PROBLEM DETAILS
Could the records be returned exactly, with the pictures left out?

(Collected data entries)
━━━━━━━━━━━━━━━━━━━━

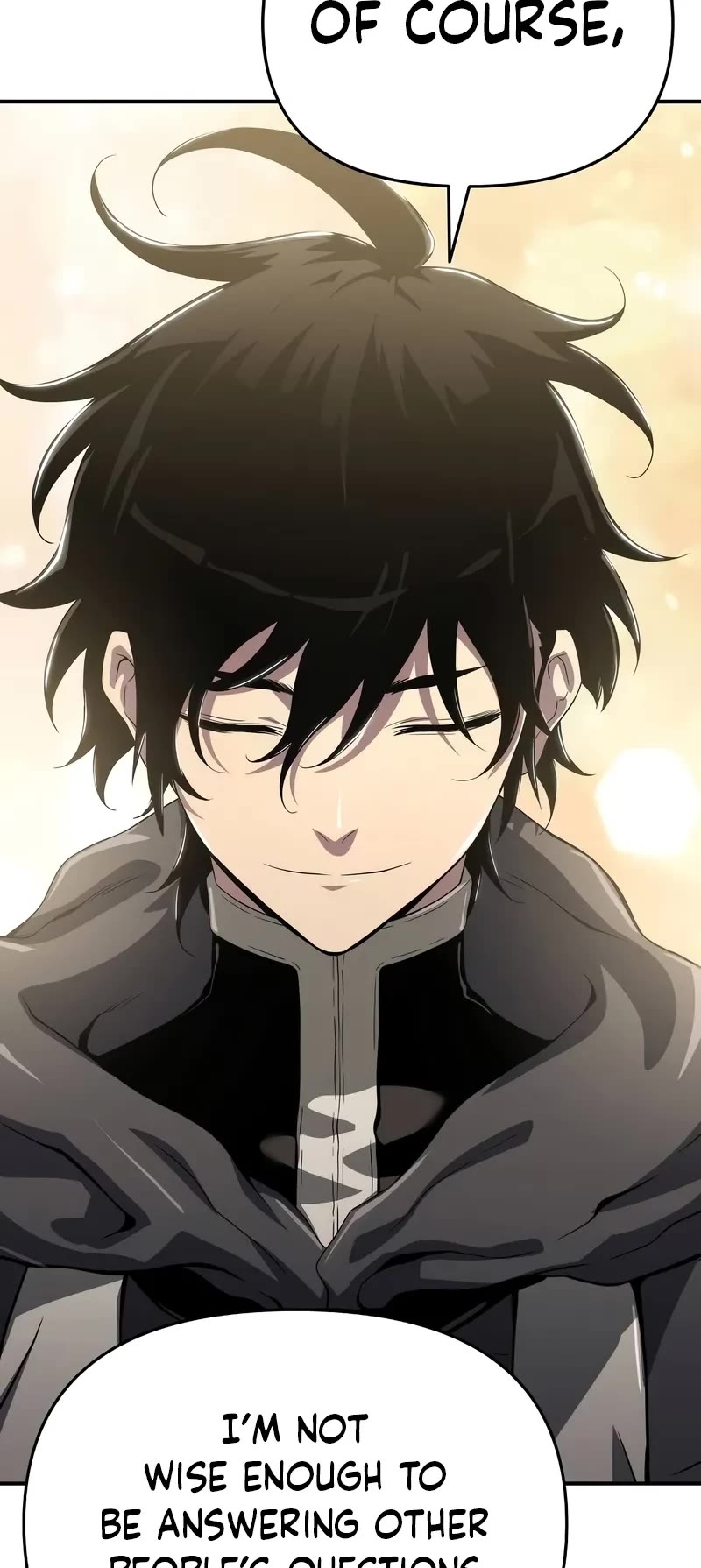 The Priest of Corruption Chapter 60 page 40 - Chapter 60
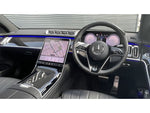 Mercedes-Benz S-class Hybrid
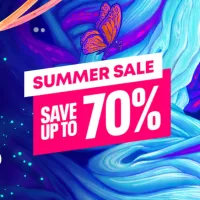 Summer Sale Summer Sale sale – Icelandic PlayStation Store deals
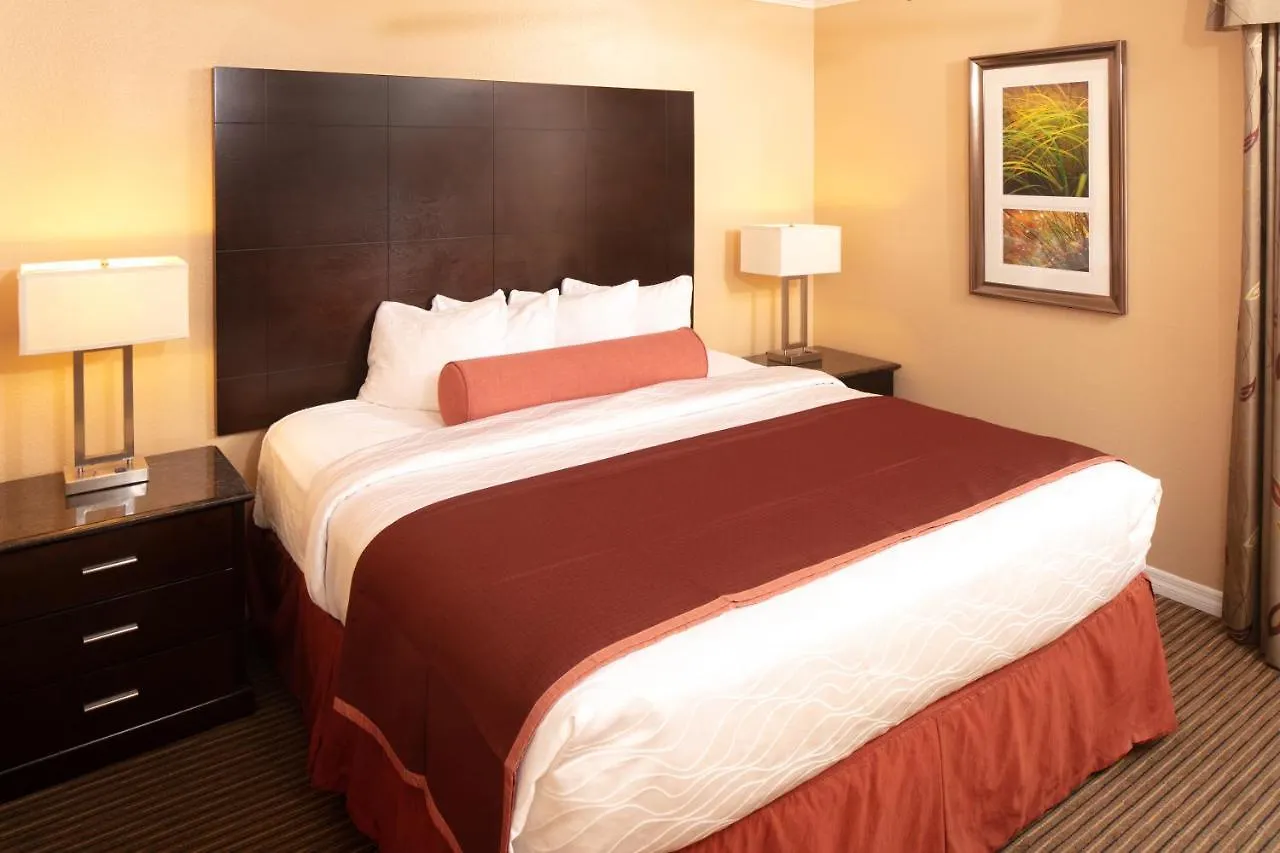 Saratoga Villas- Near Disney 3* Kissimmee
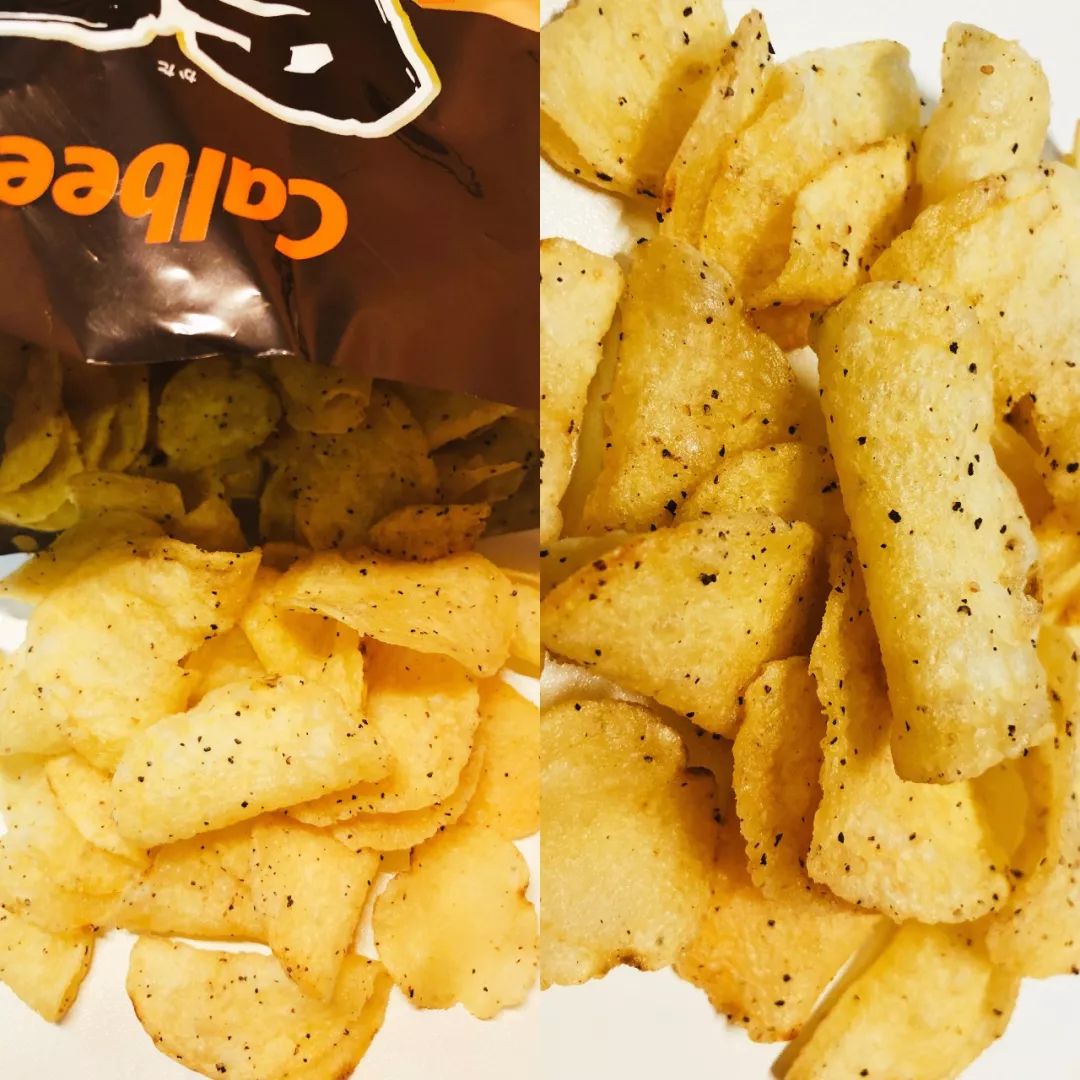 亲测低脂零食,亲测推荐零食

━━━━━━━━━━━━━━━━━━━━

SOLUTION FOR THIS PROBLEM
 The Priest of Corruption Chapter 60 page 40 - Chapter 60
 Mercedes-Benz S-class Hybrid
 Summer Sale Summer Sale sale – Icelandic PlayStation Store deals
 Saratoga Villas- Near Disney 3* Kissimmee
 亲测低脂零食,亲测推荐零食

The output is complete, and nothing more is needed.